Rubato Lab
LISTEN AND EVALUATE Daybreak
The lines are now closed. You can no longer vote. Watch the Award Ceremony on July 6 to find out which song wins the AI Song Contest 2021!
MORE ABOUT THIS ENTRY BELOW
ABOUT THE TEAM
Rubato Lab was created in 2018, we would like to introduce the artificial intelligence piano model that was exhibited in 2019. The music AI model was made with Music GPT-2 that was modified from GPT-2. We used music transformer instead of pre-trained transformer. We would like to further develop, study, and publish kinds of AI music models.
ABOUT THE SONG
Before the sunrise, you can feel a lot of emotions at the point of change from cold to warm. We wanted to feel the atmosphere where coolness and warmth coexist with music once again.
So, AI created a warm atmosphere with drums and basslines, and we created a melody with a cold atmosphere. Our music style is close to Lofi, but you can get a warmer feel. It's a blessing that AI can create warm music. The feeling of AI is often a cold feeling that can't be comforted when we think about it, but we've created a warm atmosphere with AI.
The world is struggling with Covid 19. We made this music with a passion that endures with this situation. We hope this music doesn’t lose hope while feeling the feeling just before sunrise, which offsets the cold feeling with the warm feeling.
ABOUT THE HUMAN-AI CO-CREATION PROCESS
We used Music GPT2 to create bass lines and LSTM VAE to create drum beats. The preprocessed dataset crawled MIDkar’s MIDI data and used the crawled MIDKar and Lakh data. Each dataset consists of one vocab representing note length (duration), note number, and velocity. For example, a note with a quarter note is expressed as follows. “[0.25, [63, 66, 70],100]”
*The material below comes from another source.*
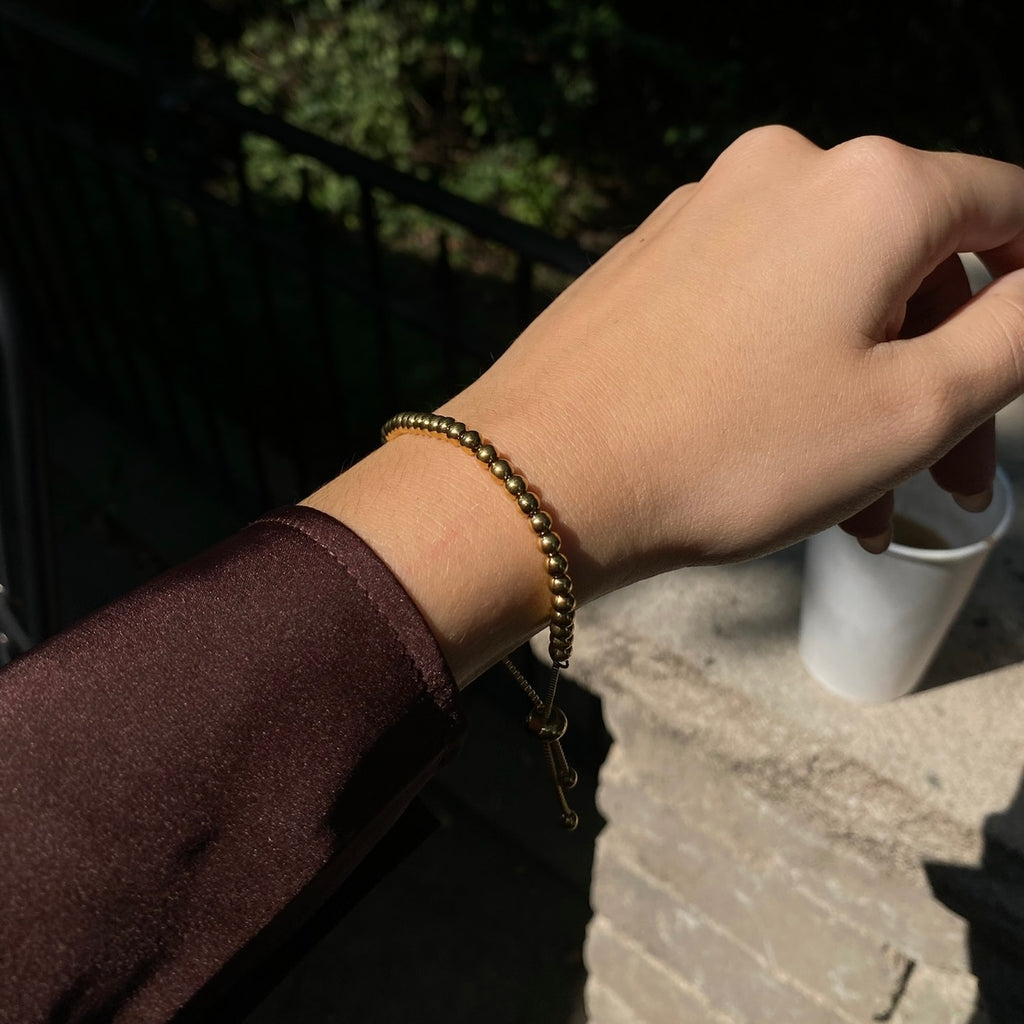 Stylish gold perline bracelet with a distinctive pattern of polished beads, perfect for elevating everyday outfits with a touch of luxury and sophistication.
In the same way as above, all the notes of the time step were learned by the model and became the basis for making music. If pre-processing is performed in the above method, data can be further reduced than the piano-roll method, and data can be arranged according to a one-time step or the length of the note.
We tried to train the model in the way that the existing NLP model learns, and applied the meaning of one-note as a single word. Unlike the existing approach, the problem of increasing the size of the vocab a lot occurred, so 50000 notes that appear frequently were selected and used as vocabs, and other notes or codes were processed with UNK tokens.
The chords and melody of the sound source were composed by four team members based on the model's baseline, and vinyl noise was added to bring out the sensibility of the Lo-fi hip hop music, and finally, the song was completed through mixing.